Most Western countries have a minimum wage, all have some unemployment and all would be able to find work for many more immigrants if they were permitted to come – this is true in countries with "high" unemployment (France, Germany etc) and countries with "low" unemployment (UK, USA etc).

Trivially, a minimum wage would reduce the number of immigrant workers in an "open borders" labour market, but there are no such labour markets so the question is moot.

Unemployment in the West is best explained by cultural resistance to "crap" jobs, which may be (is) a function of welfare and general prosperity.

Raising the minimum wage may reduce the availability of easy jobs, but there is a massive surplus of (low paid) work in most of the West (ask a Mexican / Pakistani / Morrocan / Turk / Nigerian etc etc).

Minimum wages surely reduce labour demand, but the actual demand is in fact vastly greater than supply – people don't want the work, so the jobs never even get conceived (until the immigrants arrive).

The problem in the West (for its indigenous workers) is thus little to do with minimum wages, but the much more difficult task of creating (the conditions conducive to business creating ) enough well paid work, though this is of course a moving target that can never be quite achieved.

econgeek February 27, 2006 at 10:29 pm

The standard reference in the empirical literature is;

Minimum Wages and Employment: A Case Study of the Fast-Food Industry in New Jersey and Pennsylvania
David Card; Alan B. Krueger
The American Economic Review, Vol. 84, No. 4. (Sep., 1994), pp. 772-793.

Card and Kruger are not exactly amateurs in labour economics and this is as close to a natural experiment as we have.

In general the empirical findings of the better studies can be characterized as follows;

- it is very hard to find an effect on employment at the micro level

- it is very hard to find an effect on unemploment at the agregate level

In terms of the theoretical literature, Akorlof on labour contracts as partial gift exchanges is interesting.

If you are wondering about just how irational someone might be with rewards to their own sweat, then;

Is Tomorrow Another Day?

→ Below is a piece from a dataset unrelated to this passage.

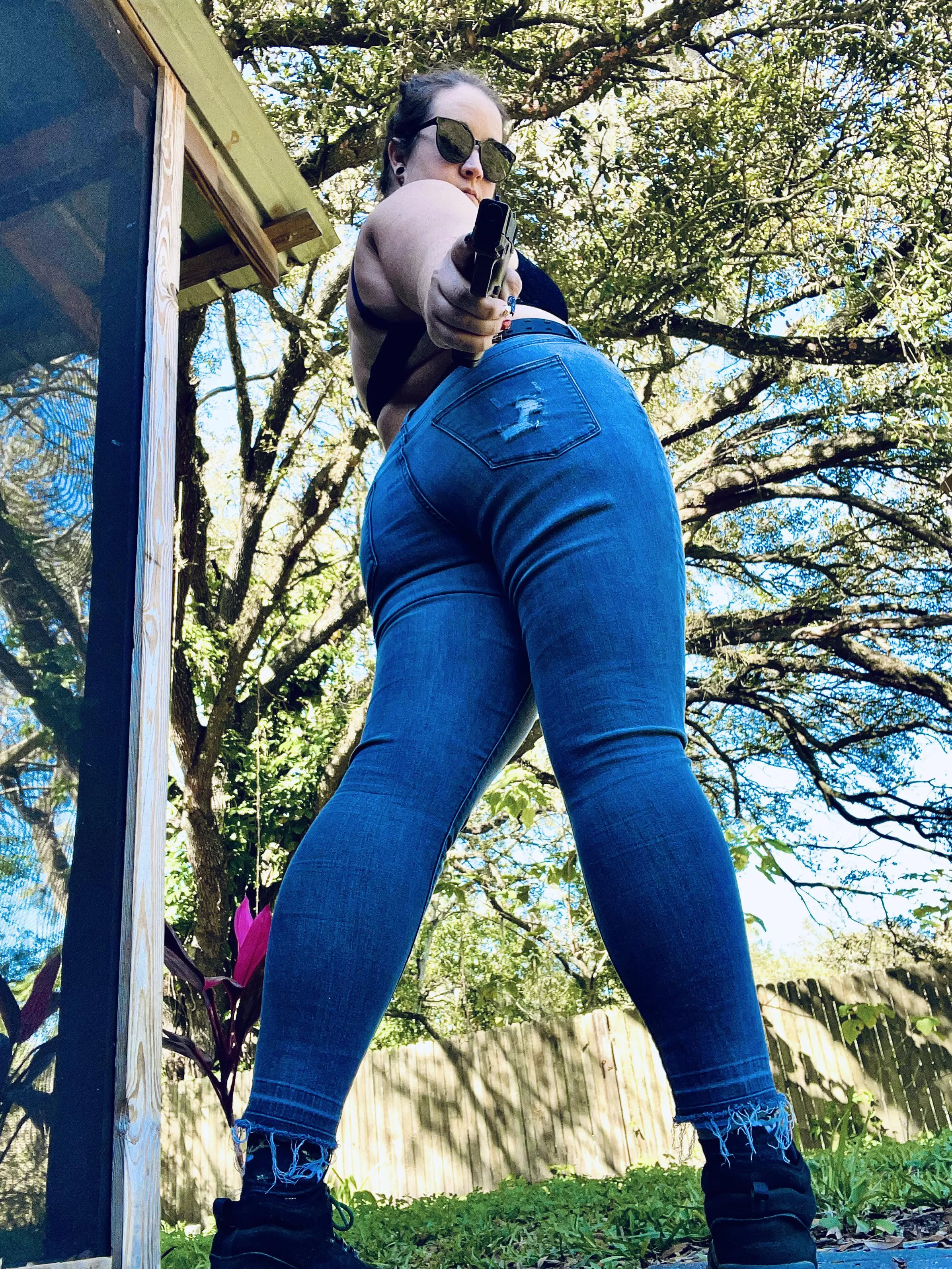 Getcha self a steel helmet and a gun barrel….. posted by Amylouwho09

The Labor Supply of New York City Cabdrivers, HS Farber – Journal of Political Economy, 2005

is the paper for you.

econgeek February 27, 2006 at 10:34 pm

Also with rewards to the above,

Labor Market Institutions and the Distribution of Wages, 1973-1992: A Semiparametric Approach – J DiNardo, NM Fortin, T Lemieux – Econometrica, 1996

is very good (pretty pictures!), in general the minimum wage seems not to matter much.

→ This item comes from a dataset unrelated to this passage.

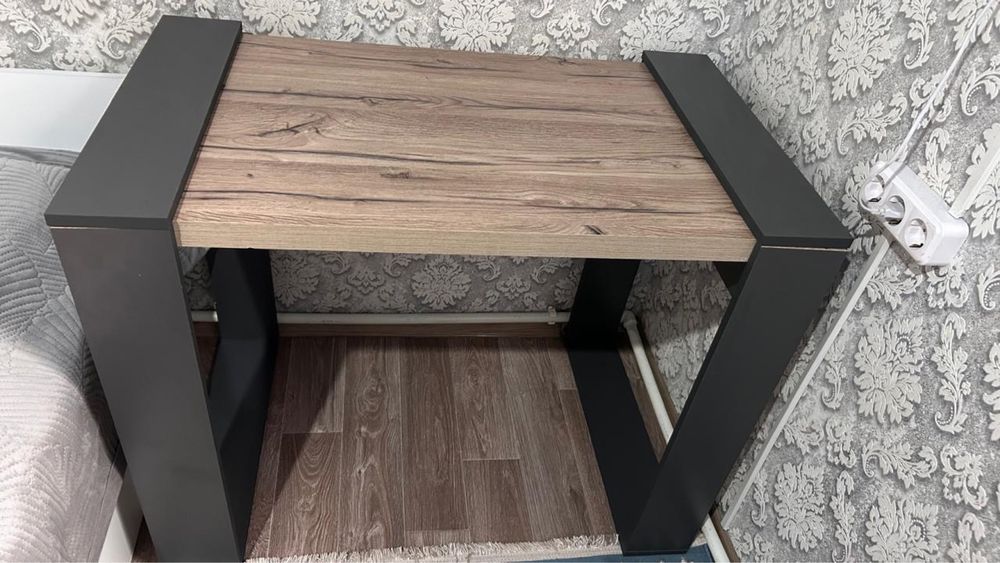 Продам стол компьютерный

– Note all the studies above are with the idea of a developed country labour market in mind. The effects in developing country labour markets are likely to be far stronger as well as more strong redistributive between workers.

the Radical February 28, 2006 at 2:24 am

I think that the analysis of min wage laws needs to take into account their effect on what those most strongly advocate such policy really intend. Min wage laws are perhaps one of the greatest examples of rent seeking. The most ardent supporters of min wage are unions, not because they care about unskilled workers but because they care about themselves. To unions, min wage drives up the price of substitute goods (unskilled labor) in order to make their products ("skilled" labor) relatively more affordable.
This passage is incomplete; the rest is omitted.